Benedict_Boozer said:


> It's more the type of shots he's taking. Those pull up 3's just look bad...especially when you're the PG


Yeah, that's what I meant. Those possessions where he just runs up and shoots.


----------



## Theonee (Dec 5, 2006)

Pimped Out said:


> am i the only one who gets pissed when you miss part of the game because they are telling an an uninteresting story about someone else
> 
> i hope tony doesnt come in after the break


I was about to say the same thing when they were *** kissing Eddie Jordan.


----------



## Dre (Jun 20, 2003)

Mary J looks like she doesn't care much.


----------



## Brandname (May 24, 2006)

Blowout city.


----------



## Benedict_Boozer (Jul 16, 2004)

East down 30..


----------



## Theonee (Dec 5, 2006)

James is waiting to dunk instead of playing defense.


----------



## melo4life (Jun 5, 2006)

Lebron alley


----------



## Benedict_Boozer (Jul 16, 2004)

Wade having a bad night..


----------



## HB (May 1, 2004)

Yes those clowns are out

LOL @ the camera panning to the botox section


----------



## sonicFLAME6 (Dec 19, 2006)

w.newton is one funny looking dude


----------



## Brandname (May 24, 2006)

Theonee said:


> James is waiting to dunk instead of playing defense.
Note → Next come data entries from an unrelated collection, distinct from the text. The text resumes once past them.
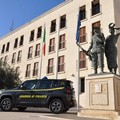 Lavori edilizi mai effettuati, maxi truffa su crediti d'imposta: sequestro milionario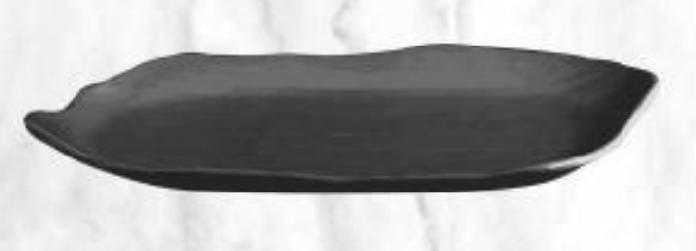 Servewell Platters & Dishes Venice Pack of 2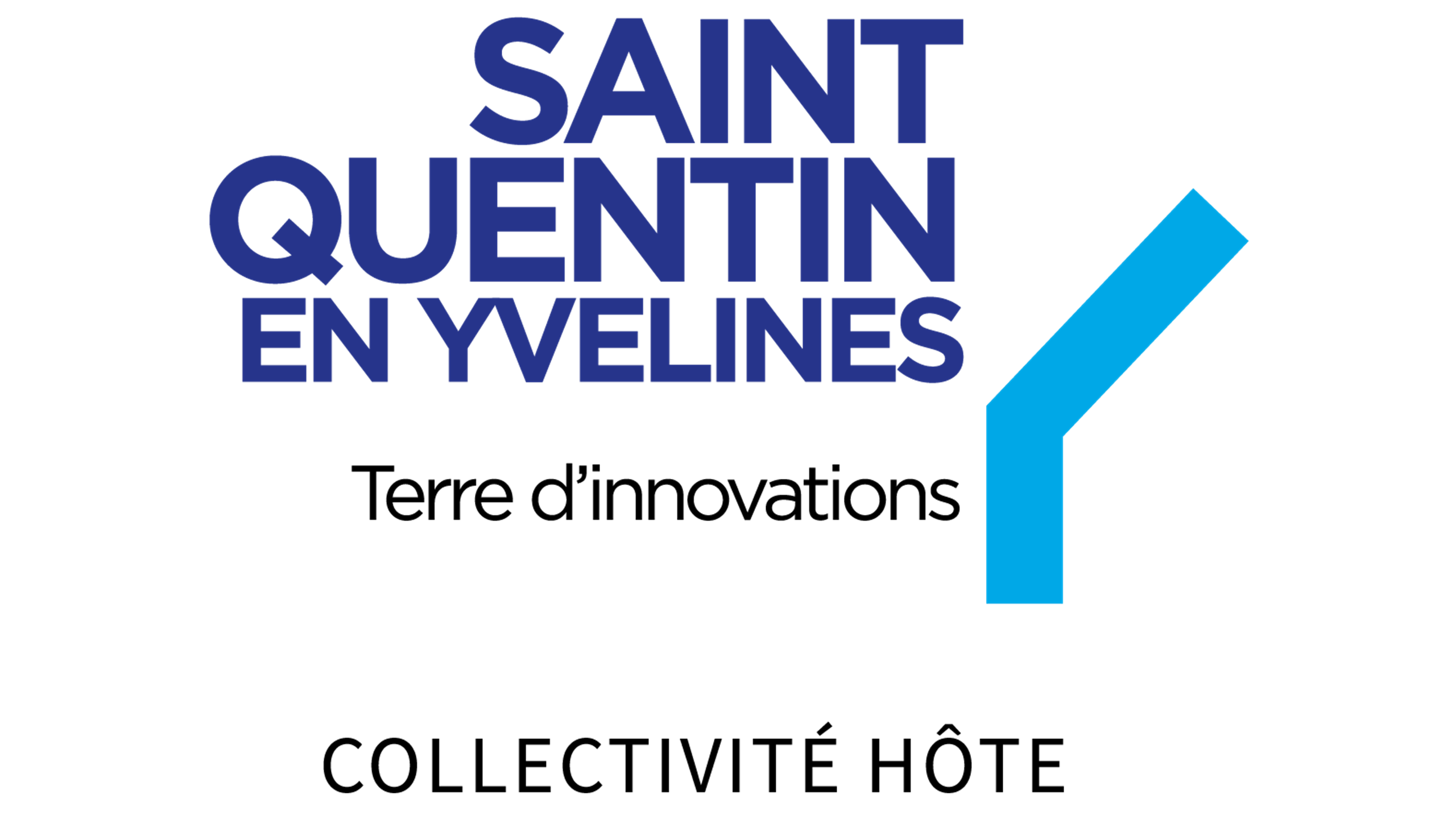 Highlights der 3. Runde Alle Rennen auf der OlympiaBahn kompakt die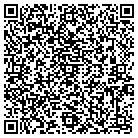 QR code with Tyler Development Inc contacts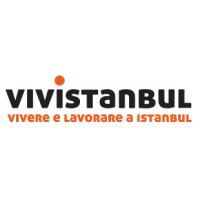 Vivistanbul logo, Vivistanbul contact details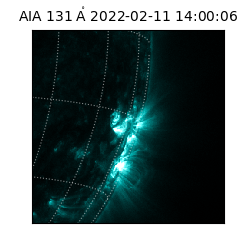 saia - 2022-02-11T14:00:06.622000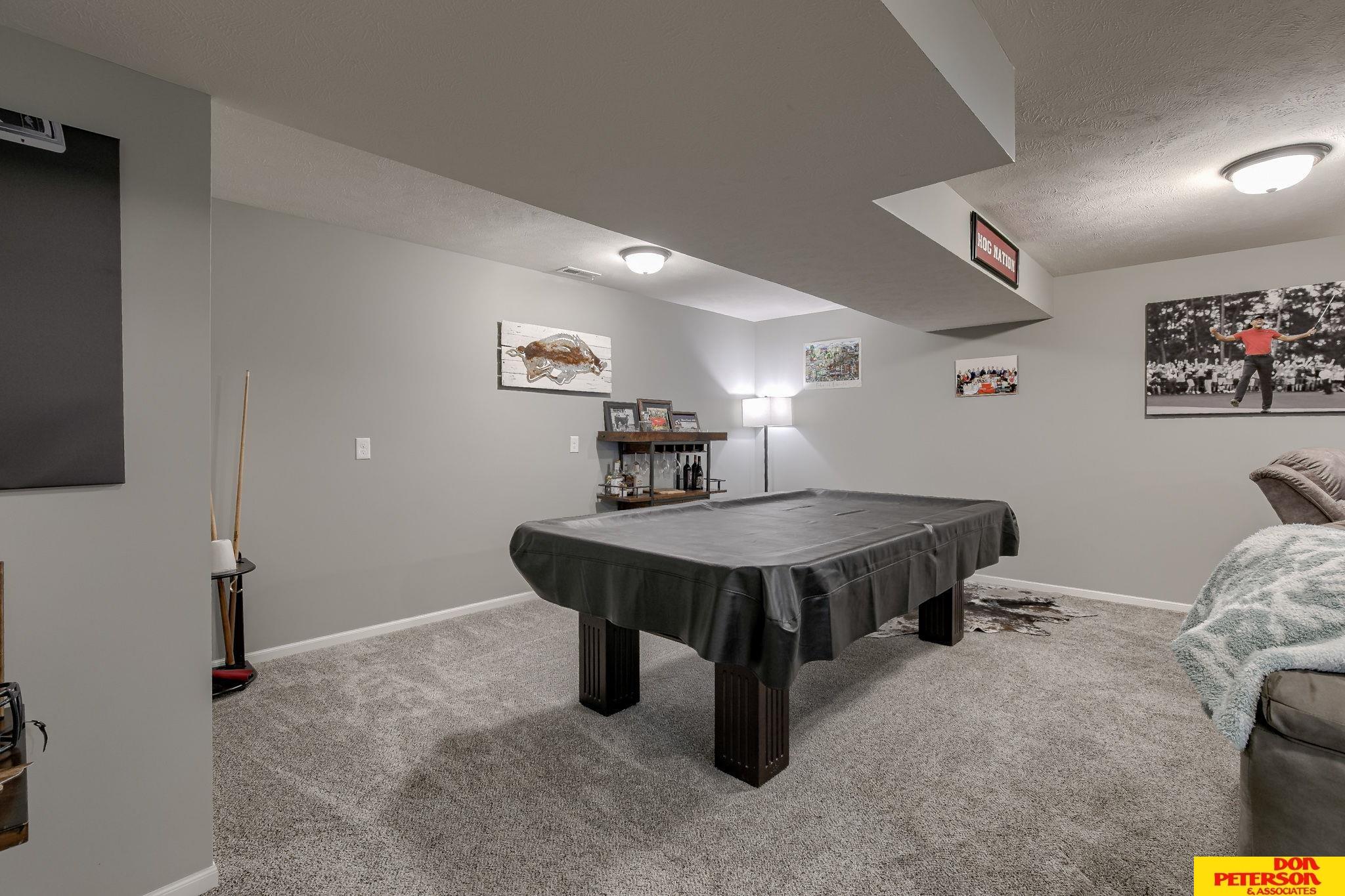 937 Hickory Hill Lane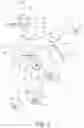 Fig. 03 - Motor vehicle lock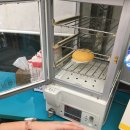 GS25 용인 어정역점 이미지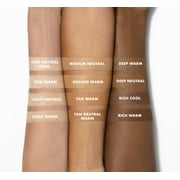 e.l.f. Halo Glow Powder Filter, Light Neutral, 0.35oz
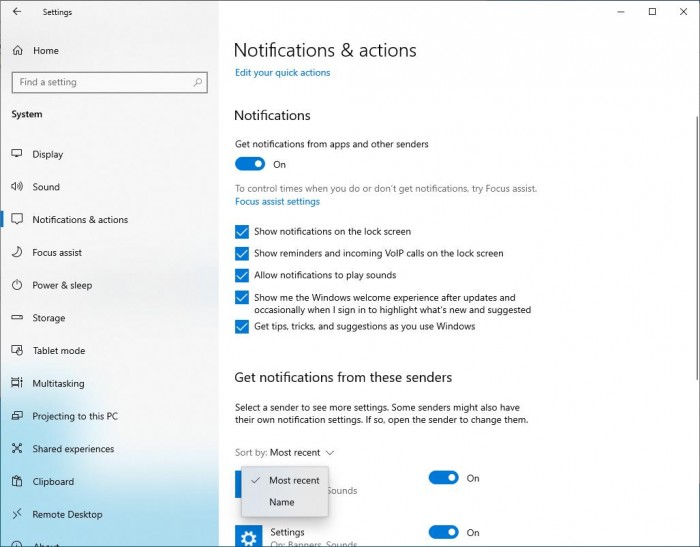 WINDOWS 10 X64简体中文官方ISO镜像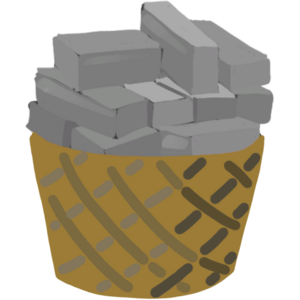 ItemBasket Bricks.png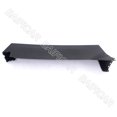 thumbnail image 5 of Baificar Brand Genuine Front Seat Lower Slide Rail Side Guard Trim Panel Cover For Mitsubishi ASX Outlander, 5 of 7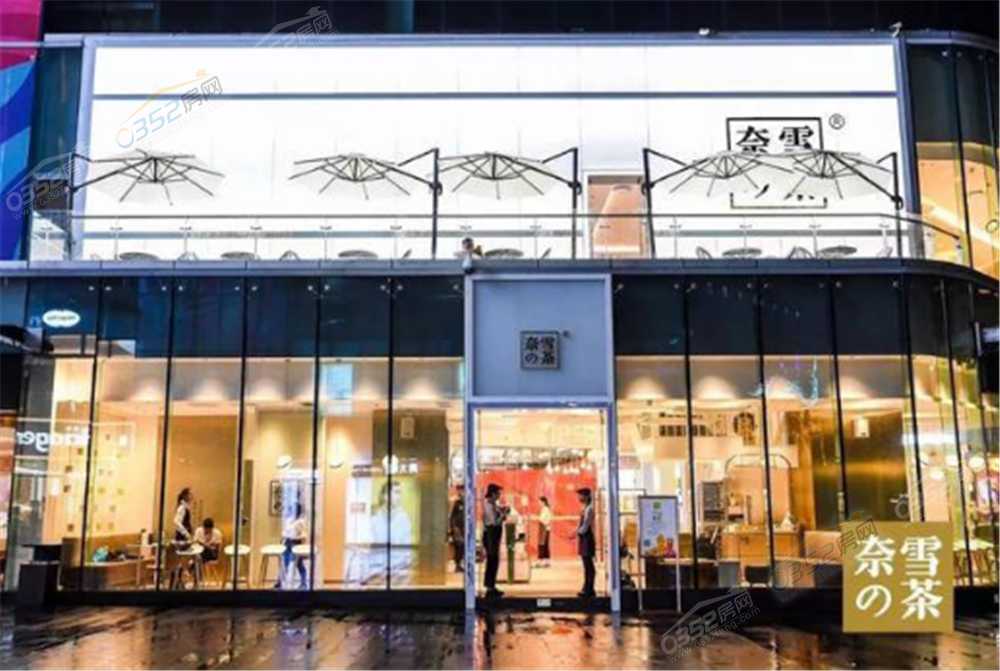 鍥劇墖8.png 鍥劇墖8.png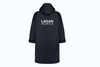 LSC Changing Robe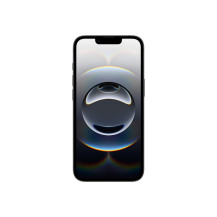 Apple iPhone 16e - 5G smartphone - dual-SIM / Internminne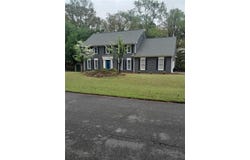 2228 Plantation Drive, Macon, GA 31211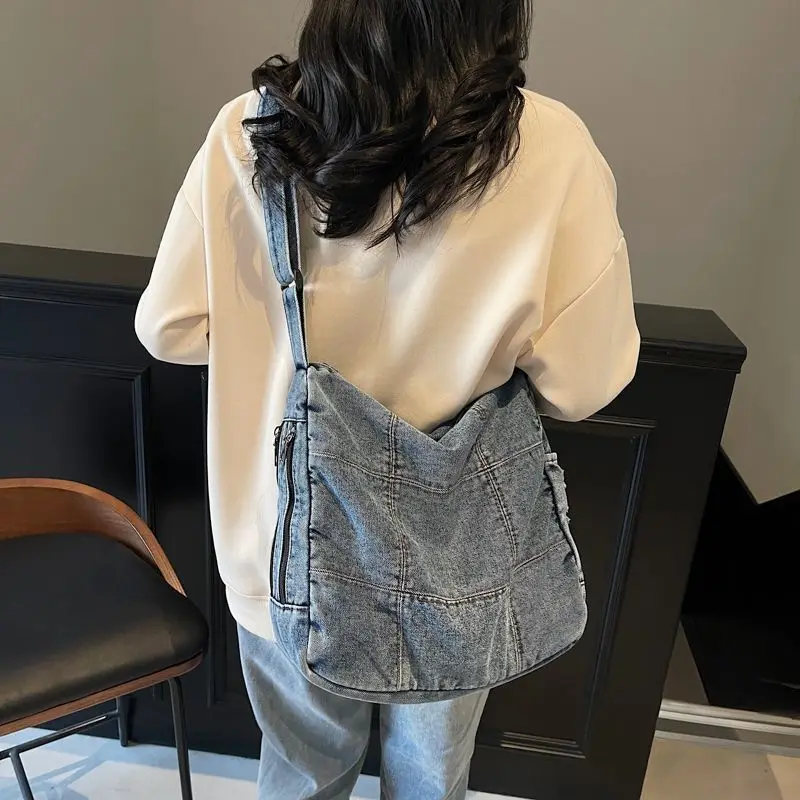 Shoulder Bags Crossbody Bag Women Women's Handbag The Tote Bag Side Bag Sling Bag Beach Bag Shopper Bag Clutch Bags For Women
Shoulder Bags Crossbody Bag Women Women's Handbag The Tote Bag Side Bag Sling Bag Beach Bag Shopper Bag Clutch Bags For Women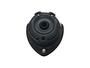 Coxim Do Amortecedor Dianteiro Tracker E Grand Vitara<08 Recrin 9225-0 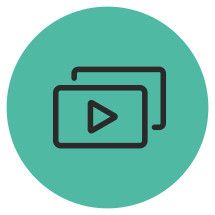presentation_technology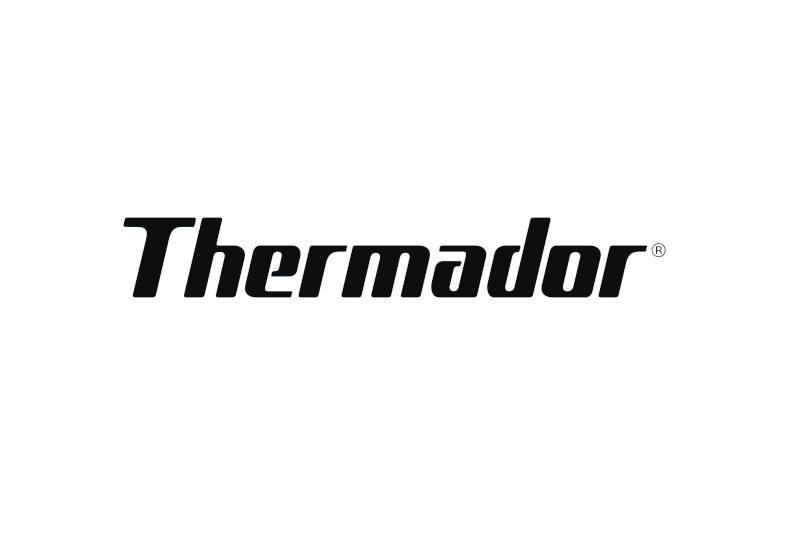 Thermador in Boca Raton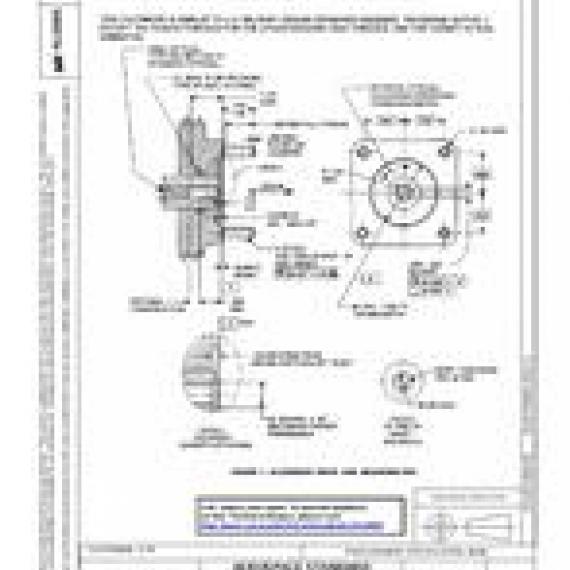 SAE AS20005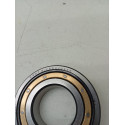 Rolamento Rigido De Esfera 6207mc3s0vq335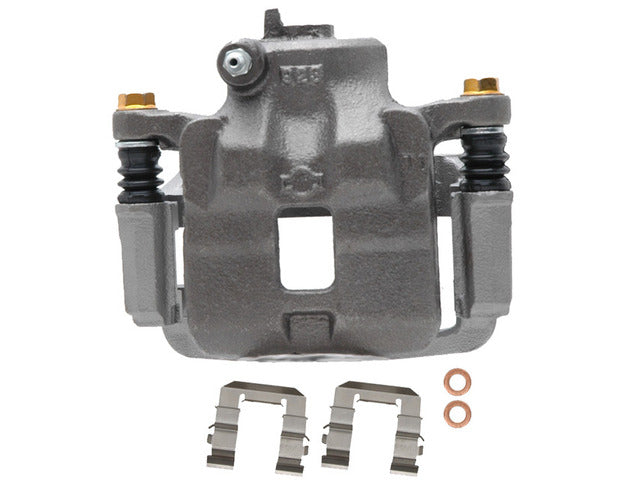 Disc Brake Caliper Raybestos Brakes FRC3126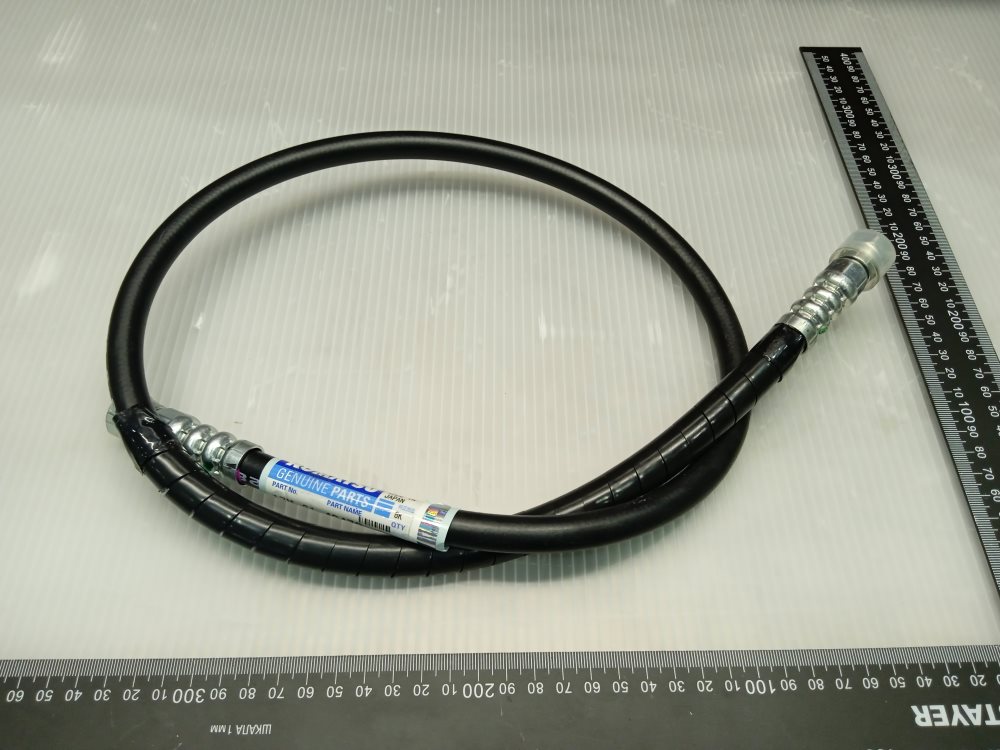17M-61-49470 ШЛАНГ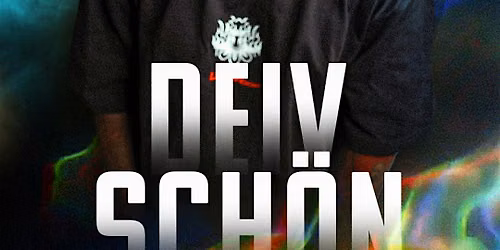 wisoul session III Deiv Schon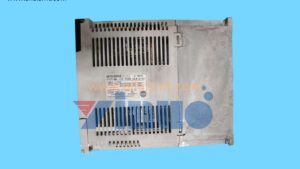 CM602 Y DRIVER MR-J2S-350B-S041U703 N510002594AA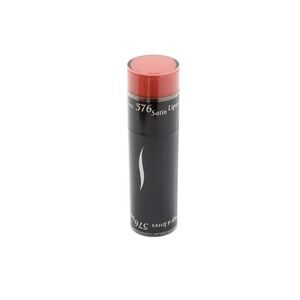 Sephora - Rouge Matt Lipstick - 576 - .14 oz / 4 g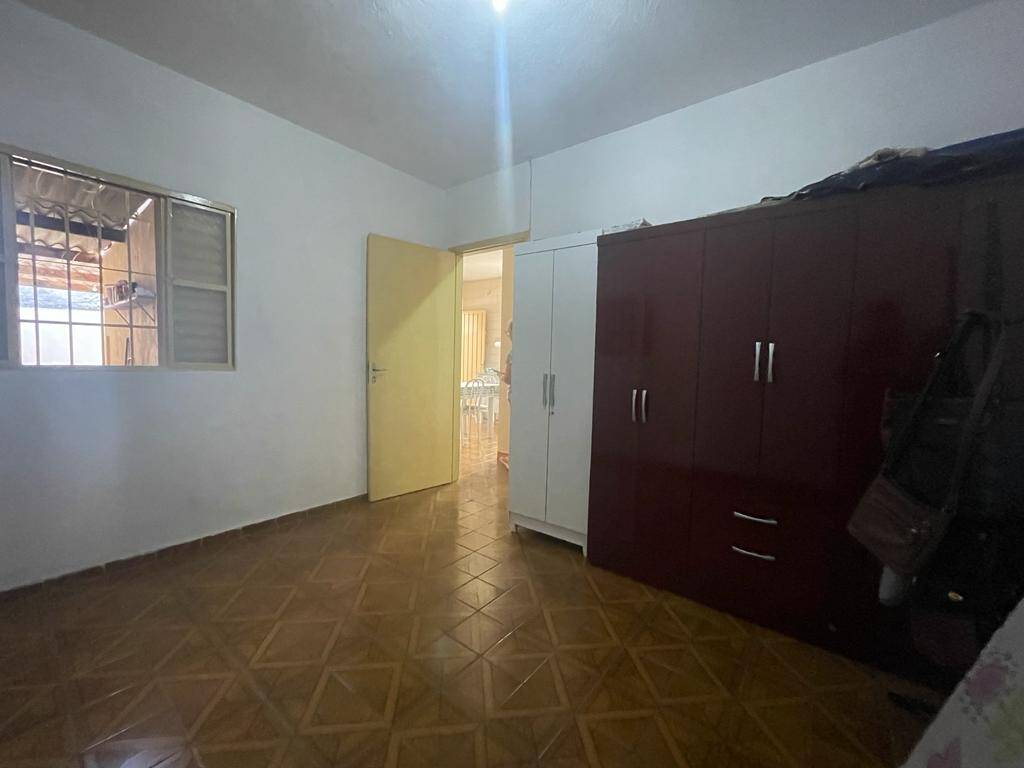 Casa à venda com 3 quartos, 147m² - Foto 7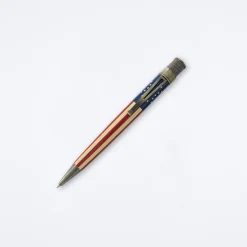 Tornado Bennington Rollerball Pen Kit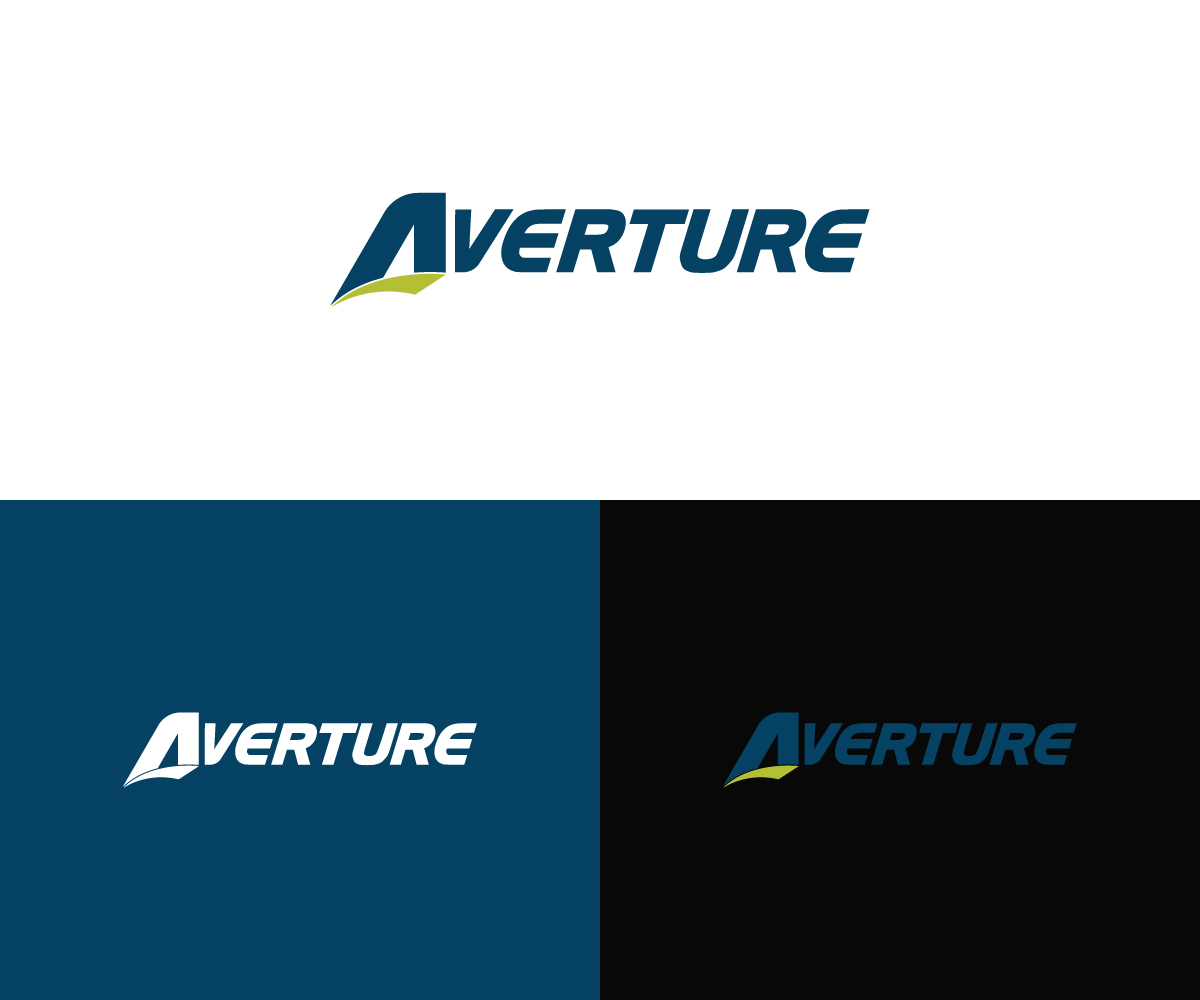 Logo Design by CHAN GRFX for this project | Design #13453698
Why do I get the impression you don't like Lebron? :biggrin:


----------



## ChosenFEW (Jun 23, 2005)

looks like wade isnt so effective when the refs dont give him all those ticky tack foul calls


----------



## Theonee (Dec 5, 2006)

Amare knocking down those jumpers like Ray.


----------



## Brandname (May 24, 2006)

Amare is playing really well. Wade isn't having a good game. He was going to have to come up big if the East wanted to compete.


----------



## sonicFLAME6 (Dec 19, 2006)

kobe is running the point pretty nice


----------



## Benedict_Boozer (Jul 16, 2004)

Everyone on the East looking for their own offense. West moving the ball around


----------



## Theonee (Dec 5, 2006)

Kobe is playing the part of Nash to Amare and the Matrix.


----------



## Brandname (May 24, 2006)

The West is really reflecting Mike D'Antoni's style. The East is not.


----------



## Dre (Jun 20, 2003)

Amare has added so much to his game with that Jumper. He might get MVP.


----------



## Spriggan (Mar 23, 2004)

Arenas and Wade are playing poorly. Kobe or Amare for MVP, likely. They're looking smooth.


----------



## HB (May 1, 2004)

This is boring. Not competitive AT ALL


----------



## Theonee (Dec 5, 2006)

East better make some baskets to make this competitive.


----------



## Brandname (May 24, 2006)

Amare will probably be the MVP.


----------



## OneBadLT123 (Oct 4, 2005)

This vegas crowd sucks ***


----------



## Phenom Z28 (Nov 22, 2004)

See Marion yawn as he ran back to the bench? lol


----------



## Pimped Out (May 4, 2005)

i want to see more of the starter back out there. kg, dirk, tmac...


----------



## DuMa (Dec 25, 2004)

east sucks ***.... offense is horrible.


----------



## Pimped Out (May 4, 2005)

OneBadLT123 said:


> This vegas crowd sucks ***


not making a great case to get their own franchise


----------



## Brandname (May 24, 2006)

hahaha, the East is shooting 42% in an ALL-STAR GAME.


----------



## sonicFLAME6 (Dec 19, 2006)

rock paper scissors for it? lol


----------



## Dre (Jun 20, 2003)

Brandname said:


> The West is really reflecting Mike D'Antoni's style. The East is not.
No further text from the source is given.